_SUPPLIED MATERIAL_.
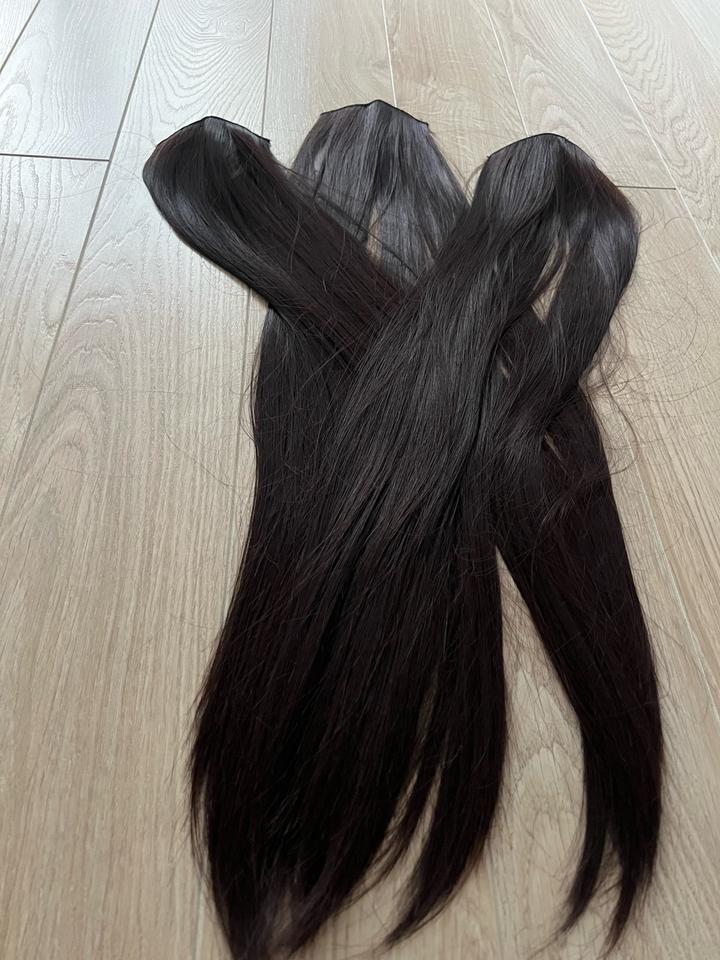 Волосы на заколках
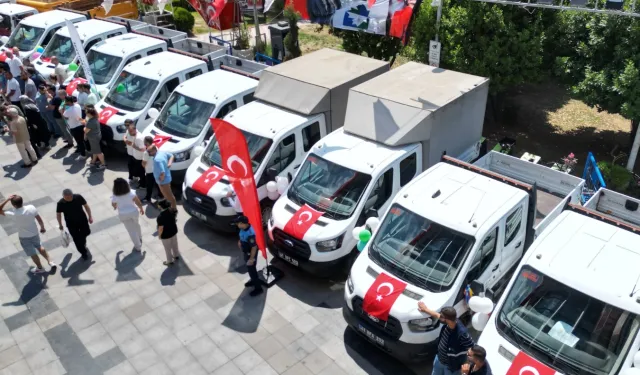 İzmit'in araç filosunu 400'e çıkardı... Yeni hizmet araçları tanıtıldı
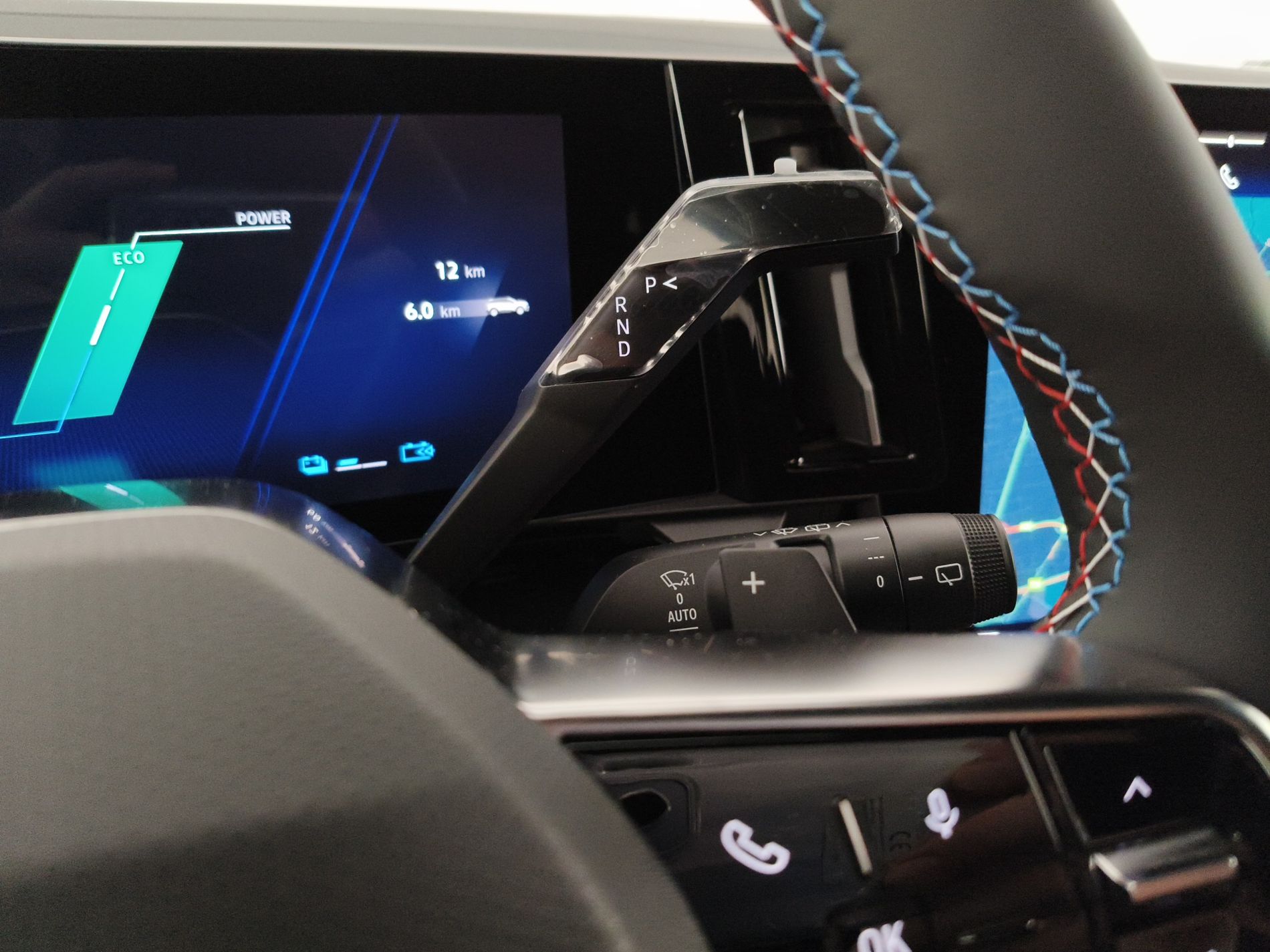 Renault NUOVO AUSTRAL esprit Alpine MY25 full hybrid E-Tech 200 - Messa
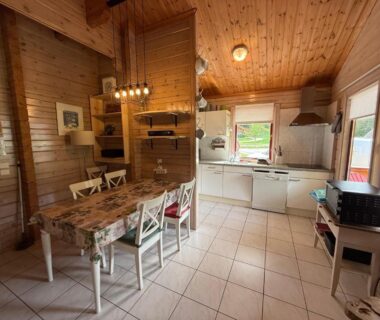 Intérieur en bois avec cuisine et coin repas dans le Chalet Cahors - 4 pers.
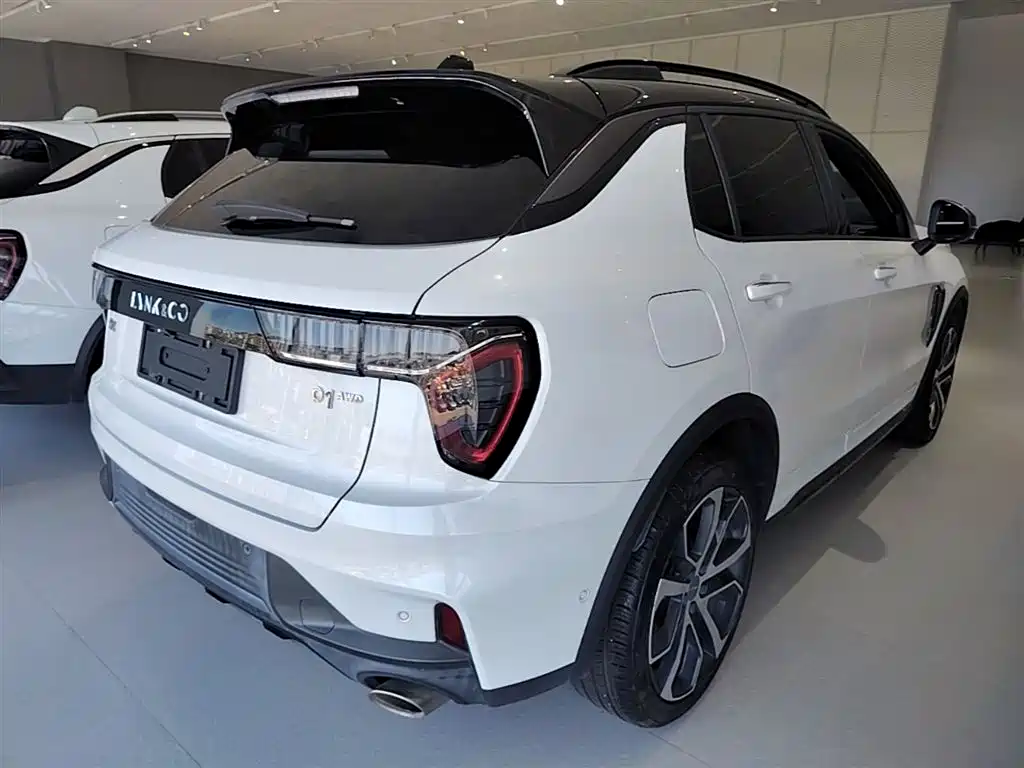 Lynk & Co 01 2021 2.0TD AWD Halo Sport фото 7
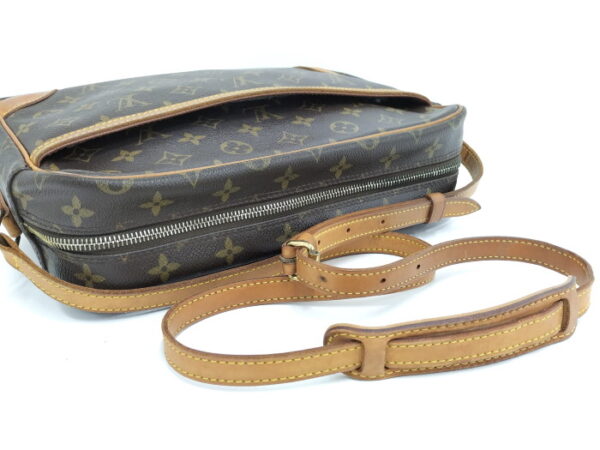 oplus 256 Louis Vuitton Trocadero GM Shoulder Bag Monogram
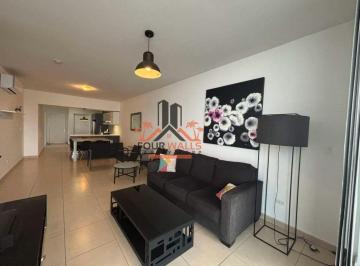 Apartamento de 2 habitaciones, Panamá · Venta de Apartamento en Av Balboa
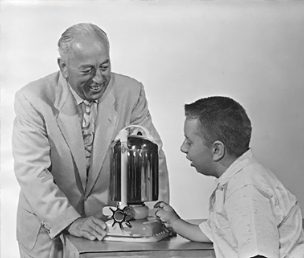 Candido Jacuzzi and Ken Jacuzzi with the whirlpool pump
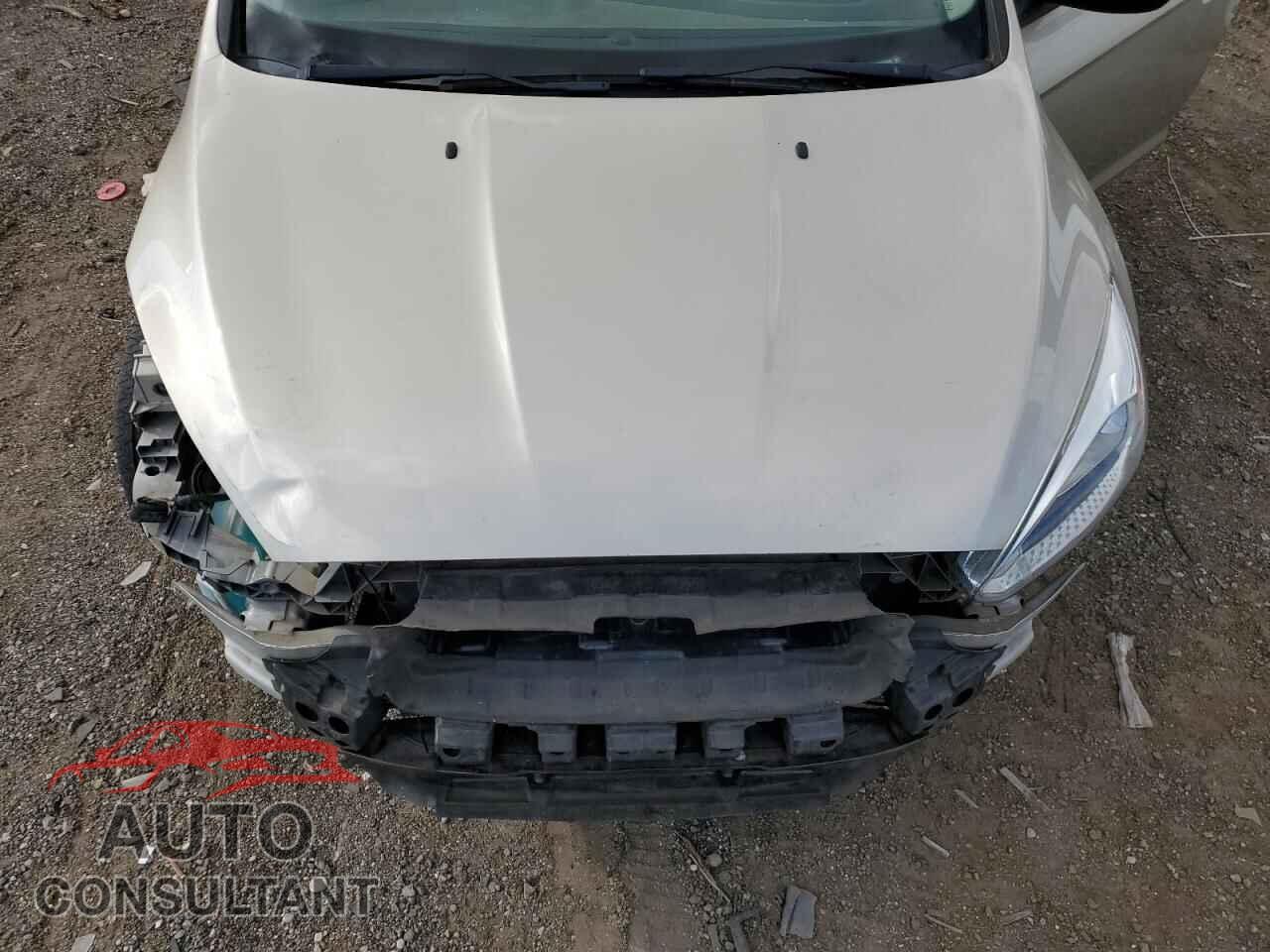 FORD FOCUS 2017 - 1FADP3F25HL270106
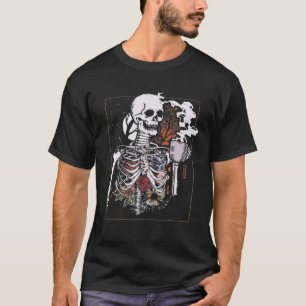 Halloween 2022 Coffee Drinking Skeleton Skull Vint T Shirt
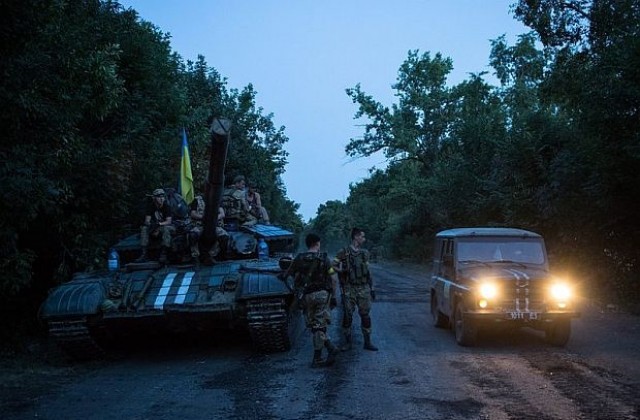 САЩ искат проверка на руските камиони с хуманитарна помощ за Украйна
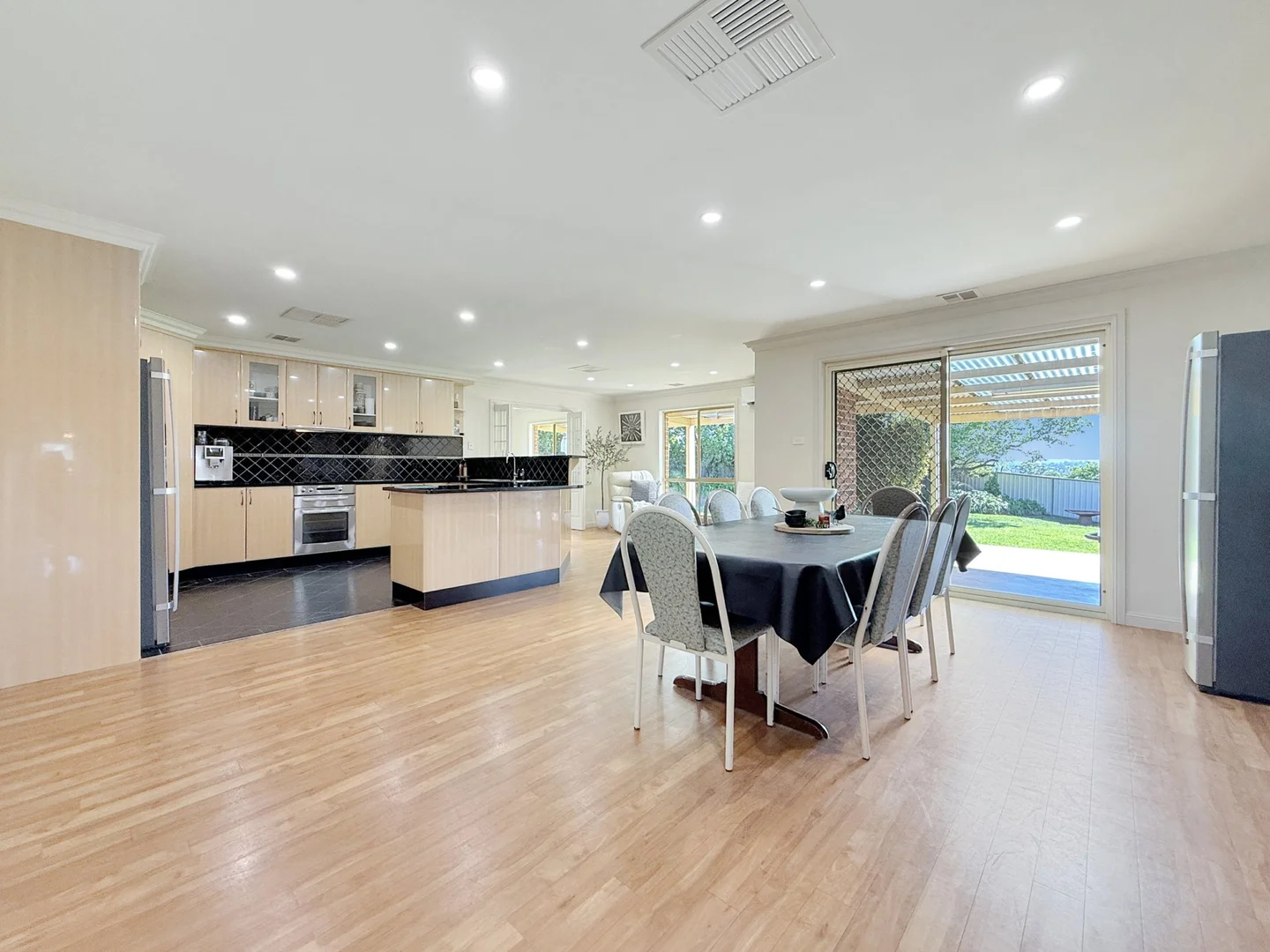 Additional image 10 of 6 Scott Place, Young NSW 2594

_EXERCISE DETAILS_. A word-for-word copy of the listing is the goal; keep every picture out of it.

_FINISHED TASK_.
 Волосы на заколках
 İzmit'in araç filosunu 400'e çıkardı... Yeni hizmet araçları tanıtıldı
 Renault NUOVO AUSTRAL esprit Alpine MY25 full hybrid E-Tech 200 - Messa
 Intérieur en bois avec cuisine et coin repas dans le Chalet Cahors - 4 pers.
 Lynk & Co 01 2021 2.0TD AWD Halo Sport фото 7
 oplus 256 Louis Vuitton Trocadero GM Shoulder Bag Monogram
 Apartamento de 2 habitaciones, Panamá · Venta de Apartamento en Av Balboa
 Candido Jacuzzi and Ken Jacuzzi with the whirlpool pump
 FORD FOCUS 2017 - 1FADP3F25HL270106
 Halloween 2022 Coffee Drinking Skeleton Skull Vint T Shirt
 САЩ искат проверка на руските камиони с хуманитарна помощ за Украйна
 Additional image 10 of 6 Scott Place, Young NSW 2594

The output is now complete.